Considera-se gracejo dentro dos limites a piadola, dito espirituoso, ou chalaça, que não envolva directa ou indirectamente actos copulares específicos ou genéricos de nenhum dos conjugues com terceiros, a não ser que venha disfarçada em jogral de rima cruzada.


artigo 2º A insinuação

Considera-se uma insinuação aceitável aquela que não inclua explicitamente: a) actividades de pendor clintonianas; b) referências grosseiras a passados devidamente prenupciais e fora do contexto.


artigo 3º O tom

 Qualquer entoação em frase, interjeição ou simples  onomatopeia é aceitável desde que não seja acompanhada por mão na anca.


artigo 4º A formulação

 Está vedada a formulação de ideias através de alíneas ou qualquer outro tipo de organização esquemática de ideias. Um desacordo, uma irritação, ou mesmo uma indignação enraivecida deve ser apresentada erraticamente quando não mesmo aos repelões de discurso.


artigo 5º A provocação

O acto provocatório verbal ou gestual deve ser sempre exercido num ambiente em que a resposta possa ser imediata e se adapte sem restrições à ironia ou mesmo ao sarcasmo, e desde que devidamente salvaguardada a inexistência de venenos no circuito doméstico.


artigo 6º A abstinência

Pode ser ameaçada dentro de um quadro de compensações a anexar ao presente acordo, devidamente rubricado e lubricado.


artigo 7º O insulto

Considera-se insulto profiláctico aquele que: não envolva outros membros da família até ao terceiro grau, nem quaisquer orgãos do aparelho reprodutor masculino ou feminino.


artigo 8º A periodicidade

Está vedado qualquer tipo de manifestação de hostilidade em dois dias seguidos ou cinco intercalados dentro de cada mês.
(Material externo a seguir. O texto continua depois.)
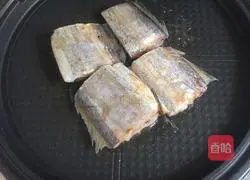 Illustration of how to make pan-fried hairtail 3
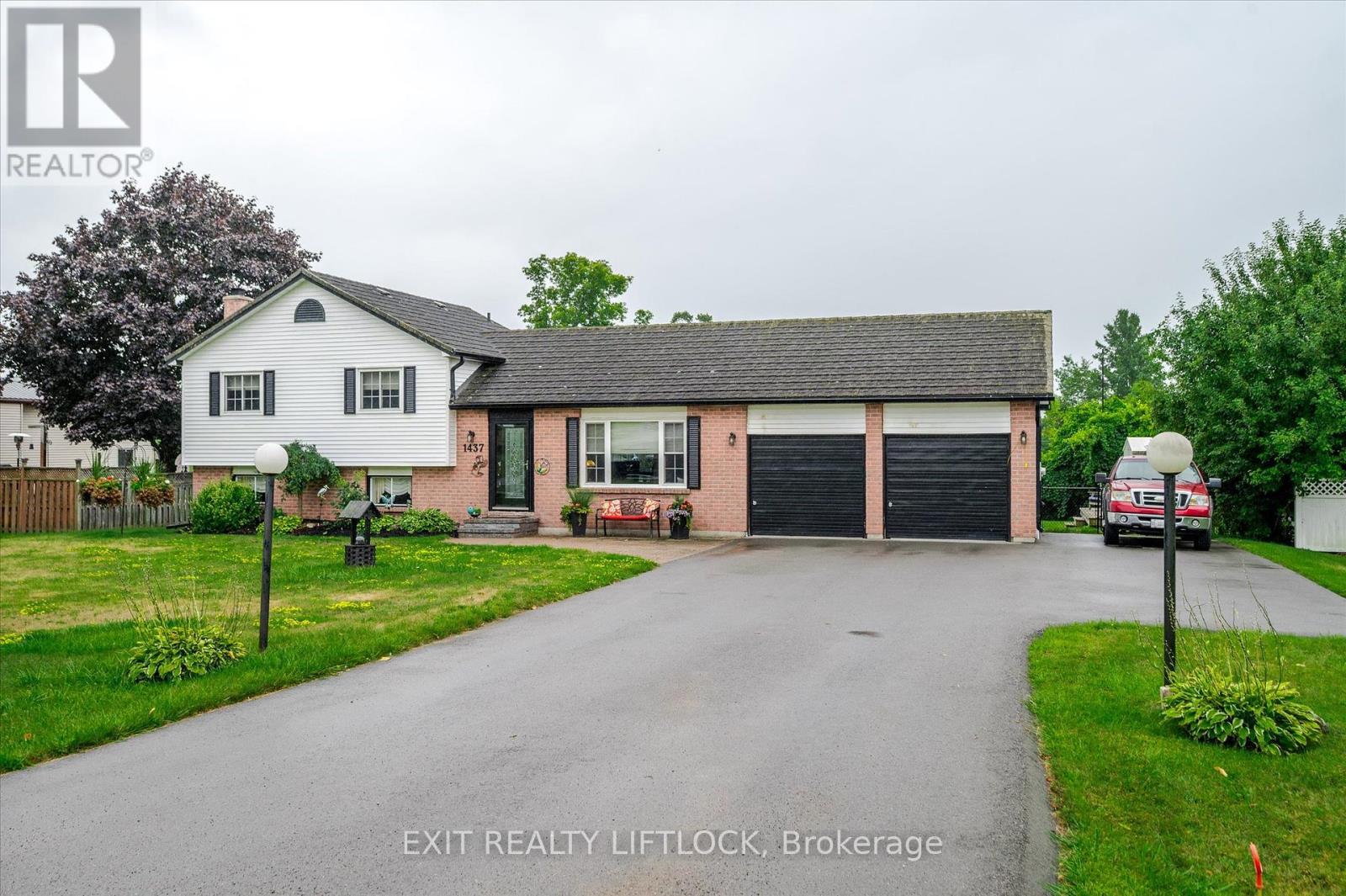 1437 Stewart Line, Cavan Monaghan, Ontario  L0A 1C0 - Photo 3 - X12367964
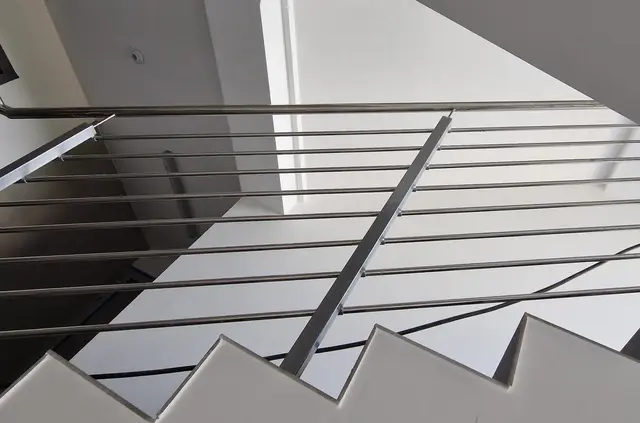 Budynek S18, 24.08.2023: Zamontowanie balustrad klatki schodowej.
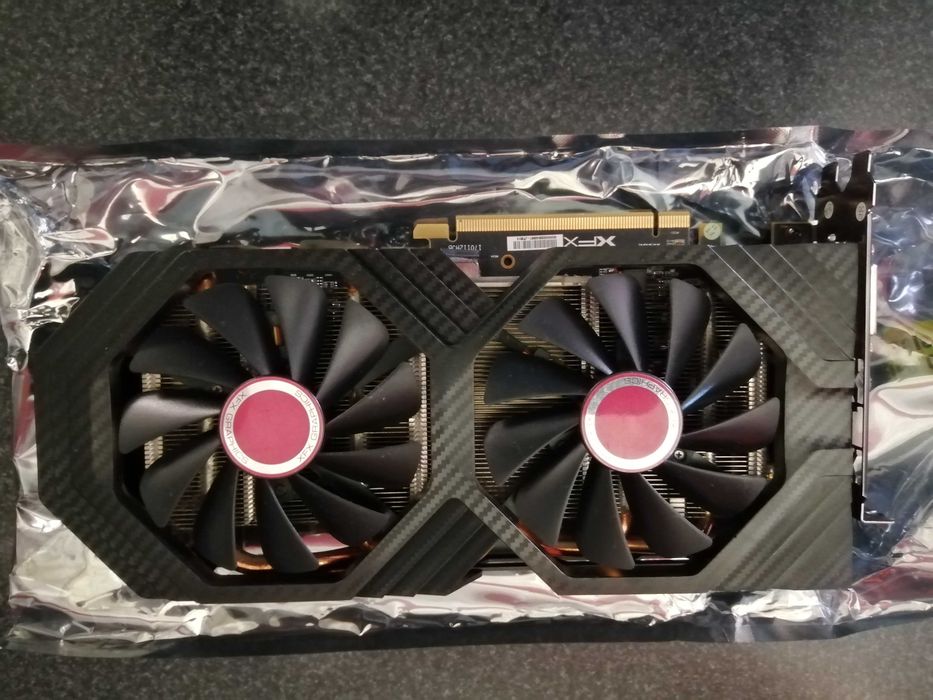 Placa Gráfica XFX AMD Radeon RX 580 GTS XXX Edition 8GB GDDR564737706073858121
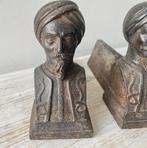 Signatur Schulter - Vuurbok (2) - Gietijzer - Oriet. Man met, Antiek en Kunst
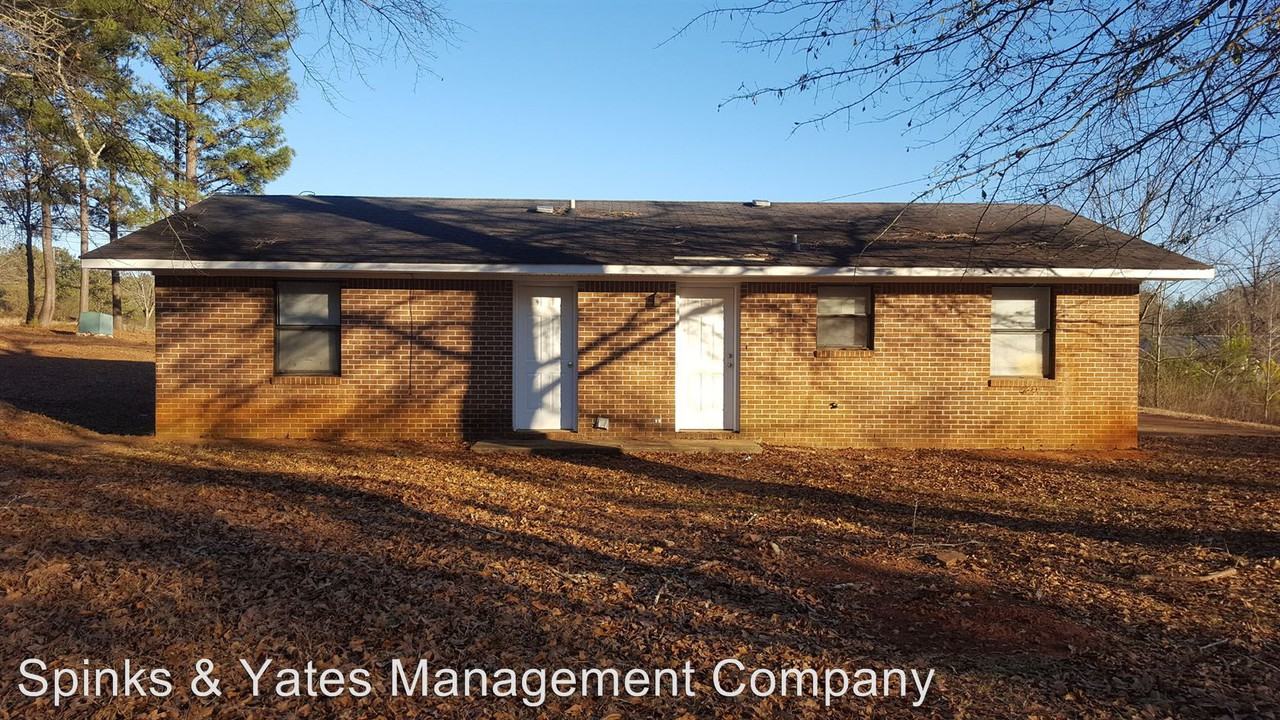 364 Reed Rd - Photo 3 of 9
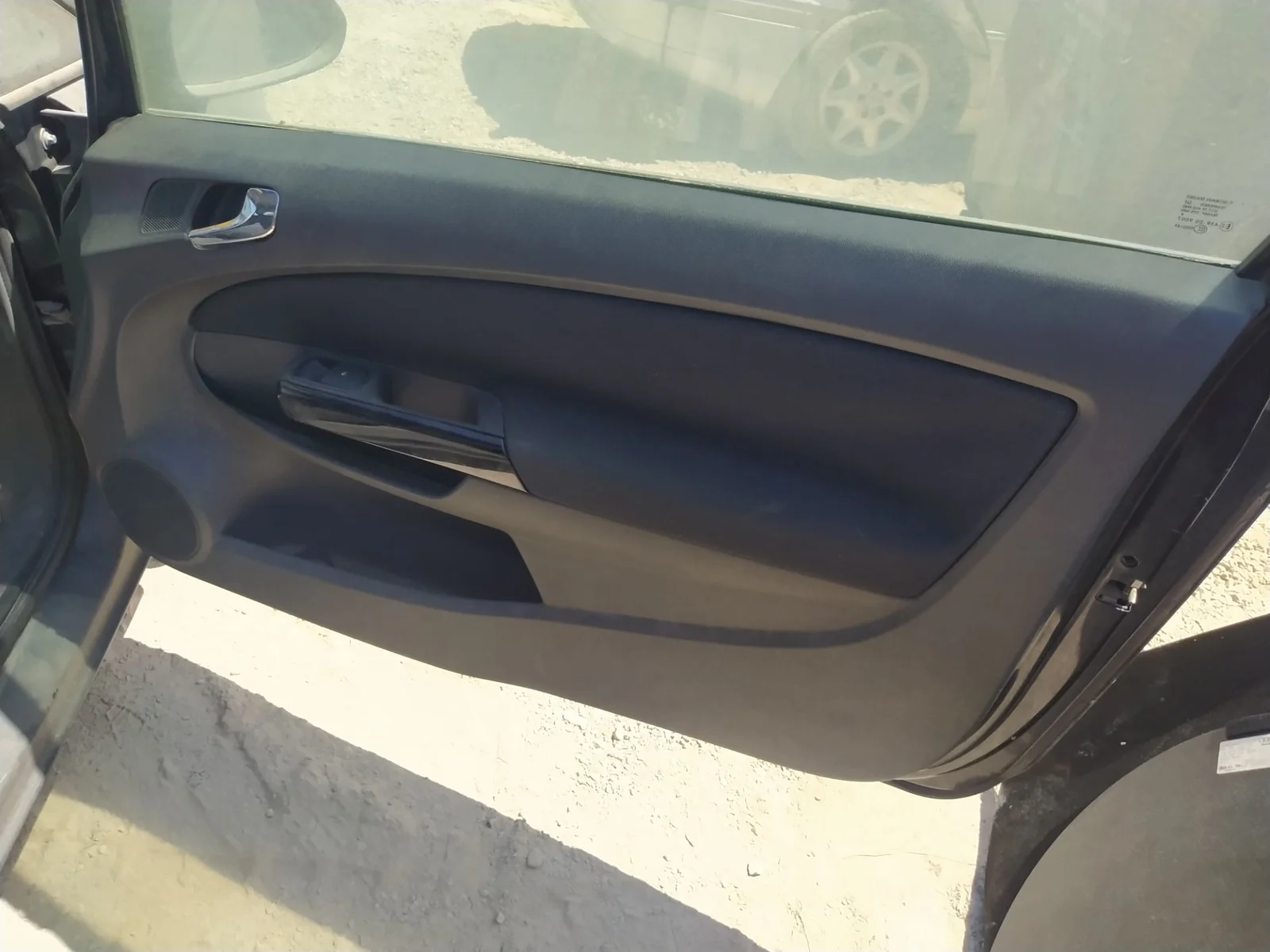 Foto de MANETA INTERIOR DELANTERA DERECHA OPEL CORSA D 1.2 16V CAT (Z 12 XEP / LB4) (80 CV / 59 KW)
Os dias de lua cheia ou nova deverão preferencialmente ser passados a ver dvd's do seinfield ou da procissão das velas, consoante os credos.
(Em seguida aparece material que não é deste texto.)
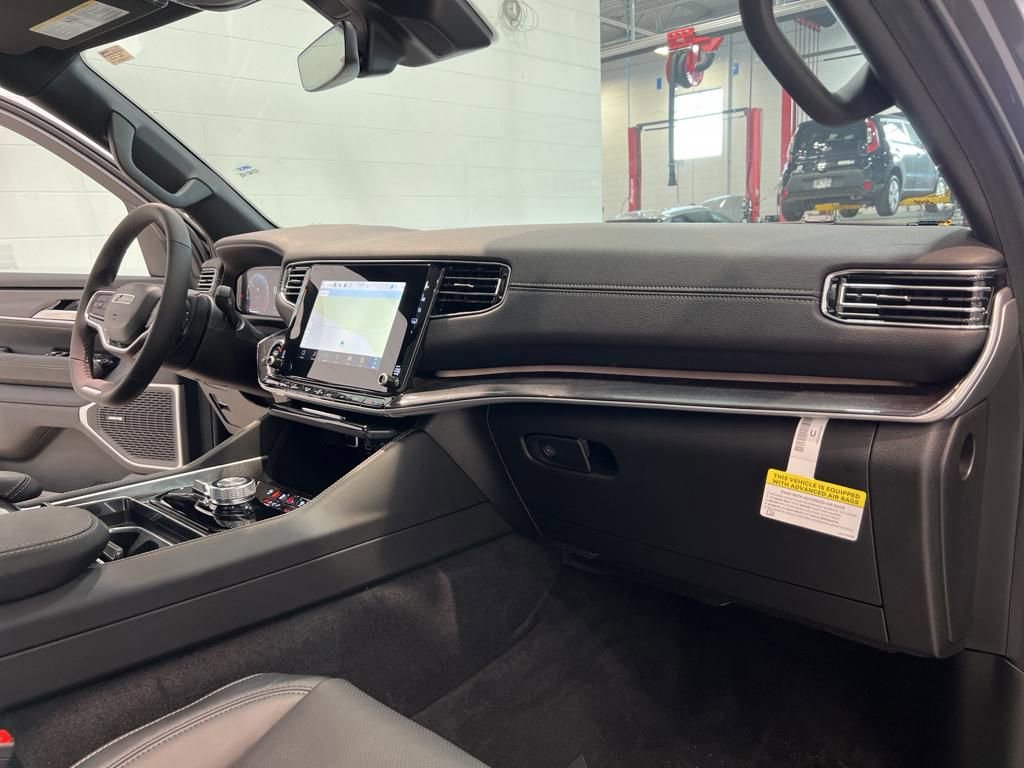 New 2024 Jeep Wagoneer 4WD w/ Premium Group I image 30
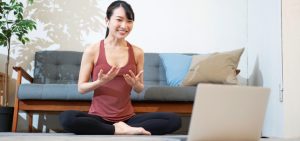 【継続は力なり】バストの悩み解決のためにはじめた「筋トレ」開始一ヶ月後レポート(産後40代研究員:ヨシイケ)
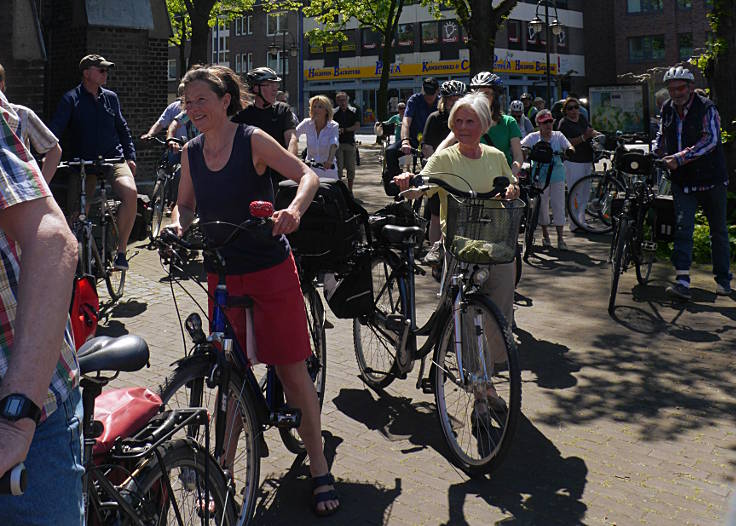 © www.mutbuergerdokus.de: 'Fahrradsternfahrt NRW'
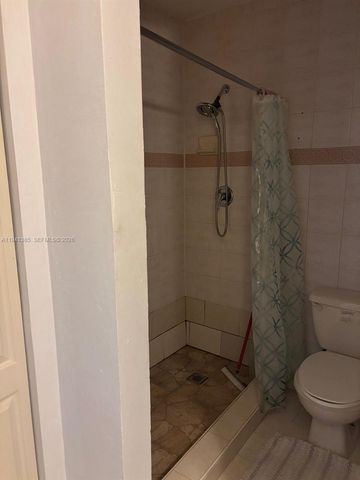 19358 Bobolink Dr, Hialeah, FL 33015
artigo 9º Os juízos de intenção

Todos os juízos de intenção, os verdadeiros dopings do desentendimento, terão direito a contra-análise que se deverá efectuar em ambiente neutro, de preferência almofadado, com algemas e chicotes opcionais.
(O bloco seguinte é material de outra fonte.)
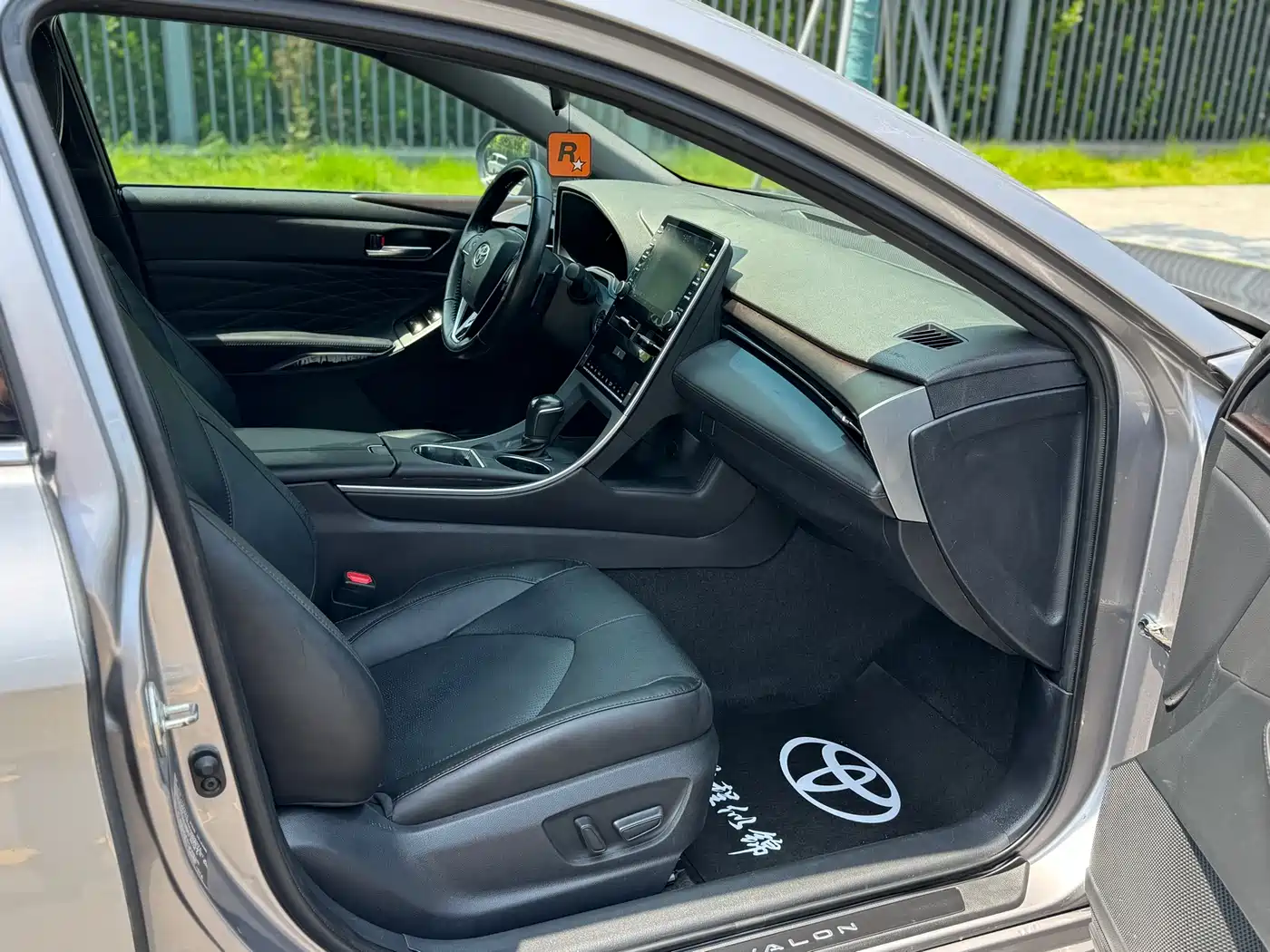 Toyota Avalon 2019 2.5L Touring Premium (China V) фото 12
artigo 10º As justificações

São admitidas por via deste memorandum as seguintes invocações paliativas:

            - 'hoje estou muito sensível'

            - 'hoje estou com a cabeça cheia'

            - 'hoje ando mais distraído/a'

            - 'isto amanhã passa-me'

Excepcionalmente poderão invocar-se interferências de índole zodiacal nos mesmos termos e condições previstos no artigo 8º quando aplicável.


artigo 11º A neura

O mecanismo da 'neura' poderá ser considerado atenuante desde que previamente anunciado com um prazo mínimo de 48 horas.


artigo 12º A represália

Sem prejuízo do disposto no artigo 6º é considerada 'represália fora do penico' quando um capricho conhecido e praticado de forma ininterrupta há mais de dois anos por uma das partes, sem ser formalmente denunciado e repudiado, não venha a ser considerado, respeitado e caridosamente acarinhado pela outra parte.


artigo 13º A recriminação

 É admissível sempre que acompanhada pelos factores atenuantes: a) 'tu também tiveste um bocadinho de'; b) 'mas eu também não estive muito feliz quando'. A possibilidade de prevalência desta atitude só é possível, à luz deste memorandum, se se exercer em paralelo o mecanismo de comunhão na culpa.


artigo 14º O ressentimento

Só são admitidos ressentimentos acompanhados de somatizações bem definidas: choro, borbulhagem, dor nas articulações, suores em zonas expostas e, em casos mais desesperados, pingo no nariz.  O ressentimento que se confine apenas às esferas dos egos e dos eventuais inconscientes está vedado em absoluto.